Ok, why is quantum field theory a theory? Does it make any predictions on its own? No, you have to feed it gauge groups first.The same for string theory, only you feed it vacua.

Or from the "tool" perspective, what do complex numbers predict? Nothing, you just use them. Same for string theory.
 
  • #3
negru said:
Do we really have to go through this every other week?

Ok, why is quantum field theory a theory? Does it make any predictions on its own? No, you have to feed it gauge groups first. The same for string theory, only you feed it vacua..

So what is the difference precisely? What is it about Quantum Field Theory that makes it okay for us to call it a theory? Does the combination of string theory and vacua make predictions? If so what are they?

Are you saying that Wikipedia's definition is wrong (wouldn't be the first time), is that what it is? If so what criteria do you prefer? If this comes off as flip that is unintentional, I really am trying to get to the bottom of this.

negru said:
Or from the "tool" perspective, what do complex numbers predict? Nothing, you just use them. Same for string theory

Complex numbers aren't a scientific theory they are a mathematical concept.

Perhaps this is the problem. I am confusing mathematics with science. Is it that String Theory is a theory in the sense that number theory is theory? It's not a scientific theory in the sense I quoted above but theory in the sense of a set of mathematical tools?

Is the problem that mathematical terms and traditional scientific terms are blended at times?

My real problem is that I was fine with the word "theory" to begin with. I thought it made perfect sense to call it a theory using the English language non-scientific sense of the word, i.e. an idea that one thinks might be true. But I have seen many others, especially in discussions about crank or crackpot ideas that these are not theories because they make no predictions (among other reasons) and that in science the word "theory" has much more specific meaning, and that in science the word "theory" is reserved for ideas that have some empirical proof and that can be tested over time to greater degrees of accuracy.

But it seems that we have more than one concept going on here even in the "scientific" sense of the word. Is this just a matter of some scientists being opportunistically precise at times but not so at others?

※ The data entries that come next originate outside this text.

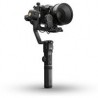 Estabilizador Zhiyun Crane 2S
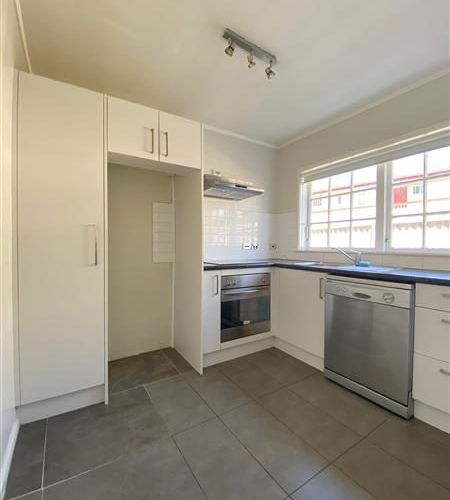  at 5/277 Manukau Road, Epsom, Auckland City, Auckland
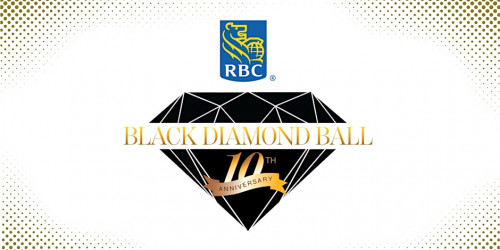 The RBC Black Diamond Ball 2025-event-photo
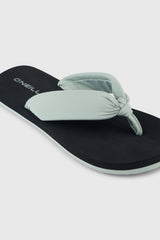 Ditsy Sun Sandals Women - Marble Arch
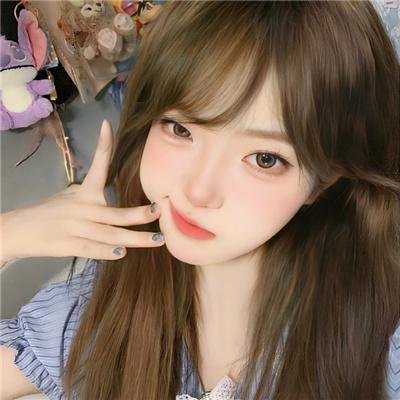 与朋友做生意 封面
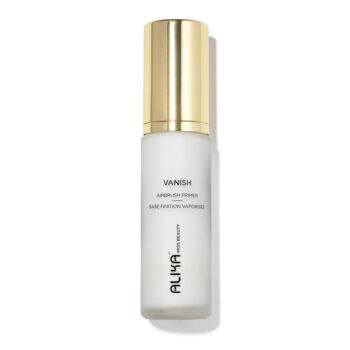 Vanish Airbrush Primer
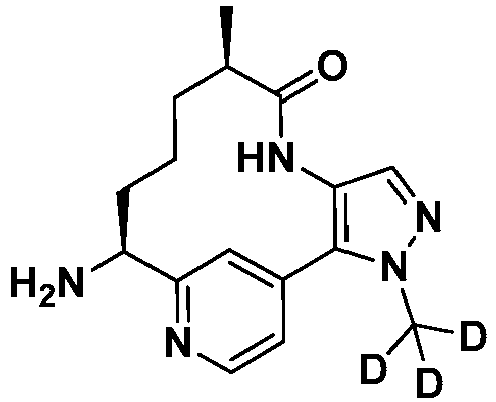 Figure imgb0061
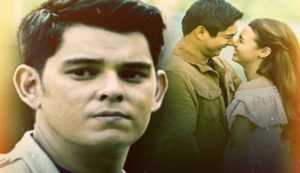 Ang Probinsyano Richard Gutierrez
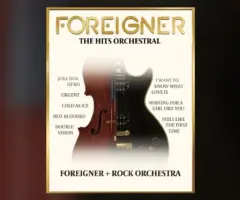 m_foreignerorchestra_081325989765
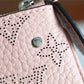 Ozarra Fashion Lu-Vi bags - 8975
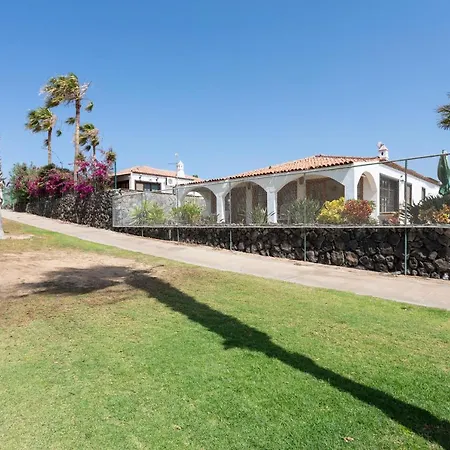 Casa Golf Beautiful Views With Private Pool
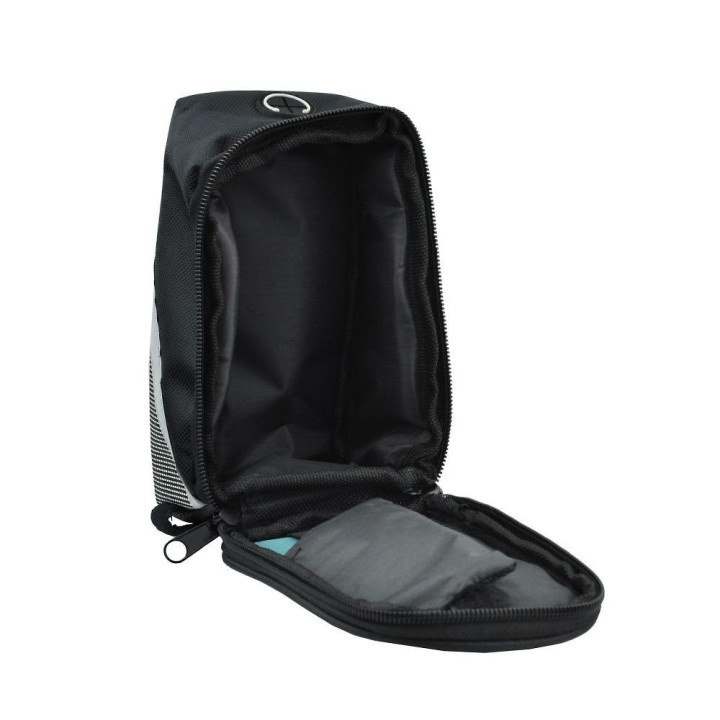 Bolsa para móvil para bici - 5,5"
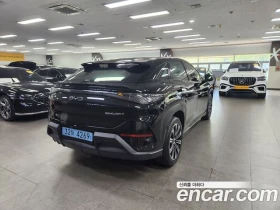 BYD Sealion 7 | Mobile.bg � ����� ������ 2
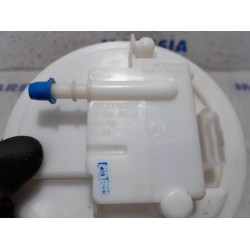 Peugeot - 207 - Pompe carburant électrique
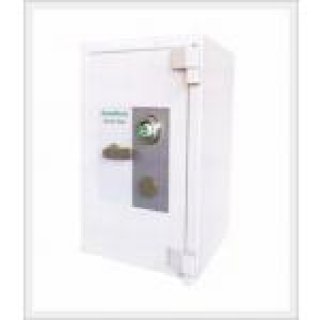 Guardforce Security Safe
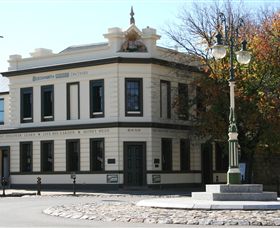 Beechworth Honey Discovery - Accommodation BNB 0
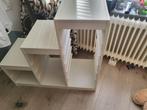 Ikea trofast, Kinderen en Baby's, Kinderkamer | Commodes en Kasten, Ophalen, Kast, Zo goed als nieuw, 75 tot 100 cm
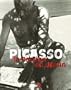 Picasso : La passion du dessin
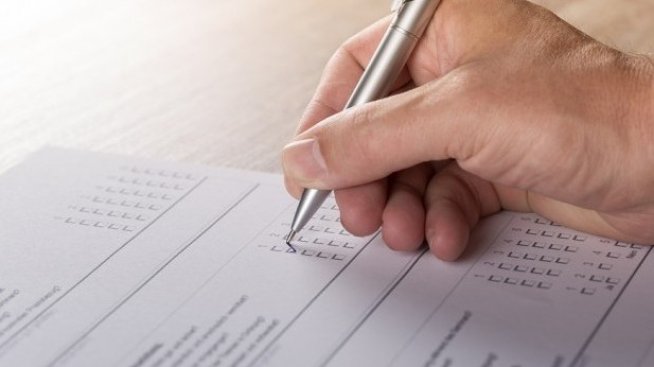 Близо 70% от българите искат промени в политиката на ЕС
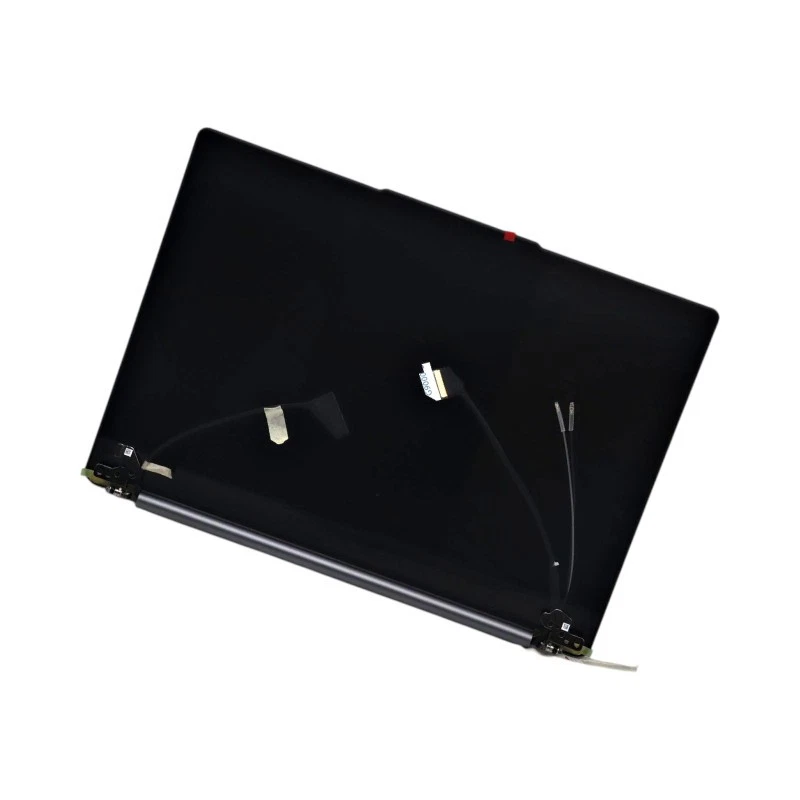 thay man hinh macbook tai da nang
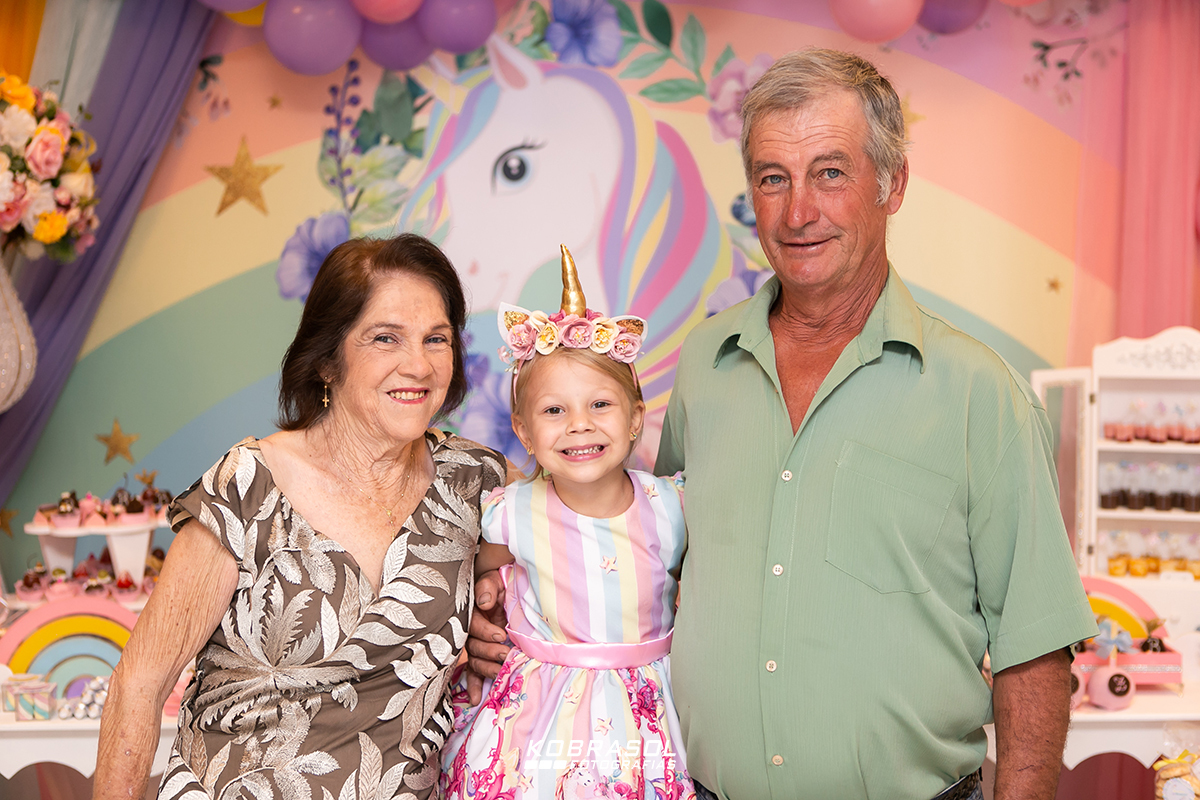 quatroanos, unicorniodecor, fotografoflorianopolis, aniversarioflorianopolis, fotosdefamilia, fotoinfantil, festadecriança, festanopredio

Let's broaden it out since you include quantum field theory. In what sense are some of these ideas and frameworks for explaining observed behavior—like QFT—"theories" in the scientific sense of the word? What precisely distinguishes them from crackpot ideas? Is it that they are modeled using mathematics and that they have been peer reviewed, that they are scientifically plausible? Some combination of the above?

I'm perfectly happy calling String Theory just that, it is what I learned it to be, I just want to know why there seems to be an inconsistency in the usage of the term while at the same time many seem to want a very precise definition.
 
  • #4
There is nothing unique about string theory here, indeed the vast majority of modern physics research fails to be falsifiable in practise. For instance, the theory of Hawking radiation and black hole evaporation is widely believed by most black hole researchers out there, however it will never be tested directly. Of course that its important to eventually find a testable portion, but unfortunately that might be simply a limitation of human scales rather than a failing of the actual theory itself.

Moreover, the mathematical part of string theory exists and will always be a part of physics, whether now or in 10,000 years. It is an important and nontrivial part of quantization (see eg Witten's latest paper), as well as being a part of the nonperturbative behaviour of certain gauge theories (which we know is important in nature).

Complaining about its testability in that context is akin to complaining about the existence of Fadeev-Popov ghosts in Yang Mills theory.
 
  • #5
Haelfix said:
There is nothing unique about string theory here, indeed the vast majority of modern physics research fails to be falsifiable in practise. For instance, the theory of Hawking radiation and black hole evaporation is widely believed by most black hole researchers out there, however it will never be tested directly. Of course that its important to eventually find a testable portion, but unfortunately that might be simply a limitation of human scales rather than a failing of the actual theory itself.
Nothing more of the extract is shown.